Na nossa terra figuram também nomes tais como: Cabrizes, Cabrielo e Cabrianças (lugar onde a tradição dizia haver um poço que tinha o comprimento de uma corda de carro de bois!). Eles são o testemunho da proliferação de cabras. Aliás, a vezeira era antigamente muito generalizada, estando historicamente comprovada. Esta forma de pastoreio, consistia na responsabilidade colectiva de guardar nos terrenos baldios os gados da aldeia, mediante o número de cabeças que cada casa possuía. Ainda há em Sapiões quem se lembre desse ancestral costume!
A produção de castanha era também muito abundante. Ela era chamada a "árvore do pão", pois nela assentava muito da gastronomia de subsistência de então. Basta lembrar que a introdução do cultivo do milho se verificou apenas nos séculos XVII e XVIII, pois trata-se de um cereal proveniente da América Central que se expandiu na Europa depois das descobertas, tal como a batata, o feijão e as  abóboras. Com efeito, das castanhas fazia-se farinha, tal como com das bolotas e ainda persiste em alguns lugares da montanha, do lado do Marão a produção de "falachas" que hoje são uma verdadeira iguaria. Cozidas, assadas, em caldo (depois de secas em caniços), em cozidos com carne de porco, muitas eram as formas de utilização deste produto. Os soutos do Riango (que já delimitavam na idade média os limites de Sapiões com Sirarelhos), o Soito (debaixo do Enxertado) e que se estendia até à Portela, o Soito do Meio, sobre a Ribeira e o Soito Quelbro, cuja mancha de castanheiros se estendia pelas Regadinhas, até debaixo do café Ramalho e os muitos castanheiros de Gulpilhares, comprovam o valor inegável desta cultura no passado.

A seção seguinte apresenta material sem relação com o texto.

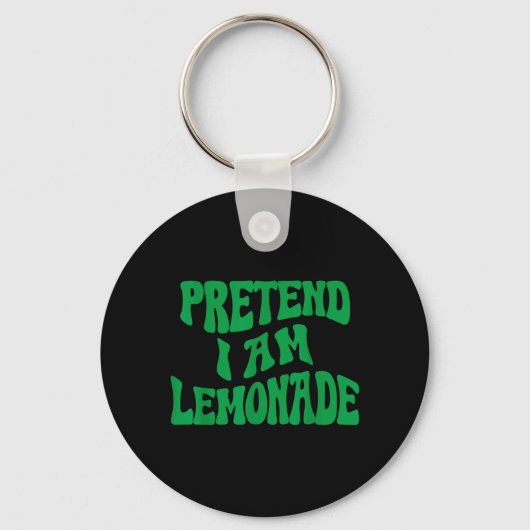 Doe alsof ik een limonade grappige luie Halloween Sleutelhanger (Voorkant)
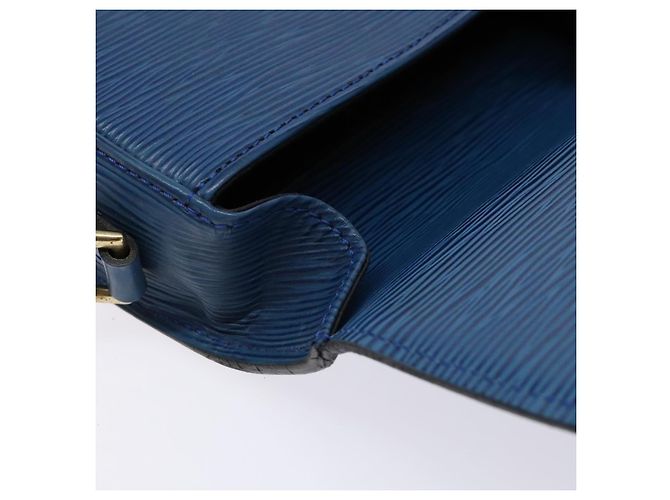 LOUIS VUITTON Borsa a Spalla Epi Saint Cloud PM Blu M52195 LV Auth 136174 - vista 20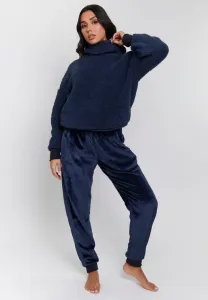 Пижама с отстегивающимся шарфом-снудом borg Loungeable, Navy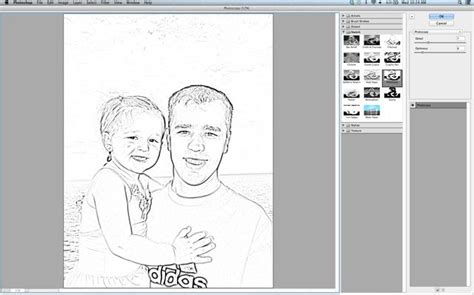 How To Make A Coloring Page In Photoshop - George Mitchell's Coloring Pages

Aproveito para sugerir que um velho castanheiro existente no Souto Quelbro, fosse classificado e declarado pela Junta de Freguesia, como um bem a proteger. Não é por nada, mas estamos perante o ser vivo mais antigo de Sapiões e merece respeito. Ao longo de centenas de anos assistiu ao desenrolar da história da nossa comunidade. E é bonito!

 

 
 
 
 
 
Não pretendendo ser exaustivo e porque esta matéria é muito variada, o que testemunha o valor patrimonial e histórico da nossa Terra, irei proceder à apresentação de alguns topónimos mais relevantes:
- Agudeiros ou Aguadeiros e Lagoeiro, identificam terrenos onde existe muita água. E o Bicheiro e a Veiga, têm estes nomes derivados à humidade do solo, que no primeiro caso propiciava a multiplicação de má bicharada na terra, geradores de maleitas e de culturas fracas. A Veiga corresponde a terreno mais profundo e mais fértil, bem enquadrada com o Ribeiro do Moinho.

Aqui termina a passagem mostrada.